Determinism: the trailer is byte-identical for byte-identical inputs, so a
deterministic build plus a canonical (sorted-key) manifest serialization
yields a byte-identical bundle file (and therefore a stable
binary_sha256).
Deployment Layout¶
Bundle files are placed as-is in any of the directories configured as the
executables_root kwarg on the
ExecutableCoordinator entry
under [sdk] coordinators. The scanner walks each directory recursively
and considers only regular files whose executable bit is set for the
invoking user; files without the executable bit are skipped without reading
their trailer. For each candidate it reads the last 64 bytes and treats files
whose magic matches "AFBNDL01" as bundles. Matched files are then
SHA-256-verified per the reader algorithm; a mismatch demotes the file back
to “ignored, with an error log.” Files without the magic are silently
ignored, so non-bundle files (READMEs, dotfiles) MAY share the directory
without interfering with the scan.
/opt/airflow/executable-bundles/
├── example
├── team-a/
│ └── pipeline
└── analytics
At task-execution time the runtime execs the bundle file directly with the
coordinator arguments (--comm=<addr> / --logs=<addr>). No extraction,
no transient cache directory, no chmod-after-extract step is required: the
file is already a runnable executable with the appropriate permission bits
preserved by the build pipeline. The integrity check runs at scan/discovery
time and is cached by (path, inode, mtime, size), so the exec hot path
does not re-hash.
The compiled executable MUST honor the SDK coordinator protocol —
--comm=<host:port> / --logs=<host:port> socket-based IPC.
See ExecutableCoordinator
for the consumer-side coordinator.
Inspection¶
Because the bundle is a single executable rather than an archive,
inspecting the embedded source and manifest requires a small CLI rather
than an off-the-shelf unzip. The Go SDK’s airflow-go-pack tool
provides an inspect subcommand that dumps both regions; equivalent
helpers are expected from each language’s packer.

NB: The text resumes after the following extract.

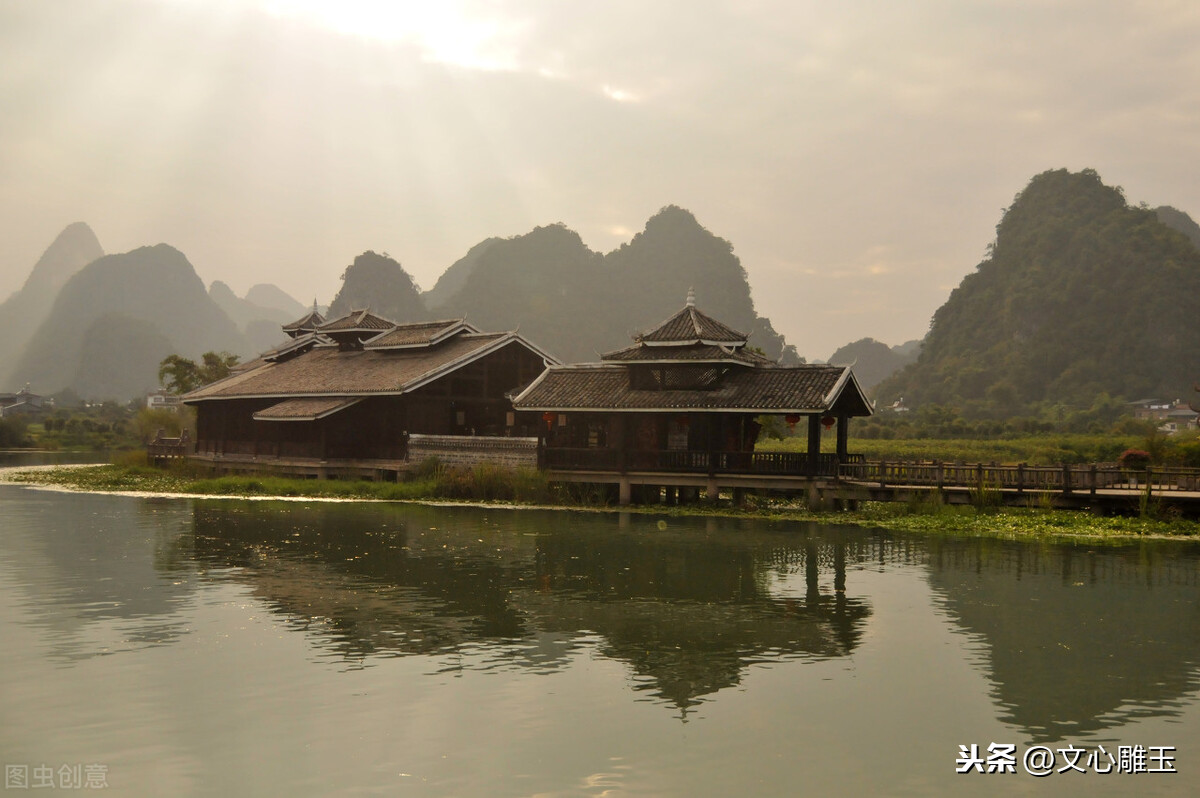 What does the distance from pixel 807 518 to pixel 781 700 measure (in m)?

Compatibility and Versioning¶
The current bundle-spec format version is
1.0(airflow_bundle_metadata_version); the current trailer format version is1(footer_ver = 1).Backward-incompatible bundle-spec changes increment the major component of
airflow_bundle_metadata_versionand are gated behind an explicit opt-in on the consumer side.New optional manifest fields MAY be added in minor versions and MUST be ignored by older consumers.
New trailer-format versions append fields after
binary_sha256(consuming the reserved region) or extend the trailer with additional trailing blobs ahead of the magic. Older readers MUST reject unknownfooter_verrather than guessing.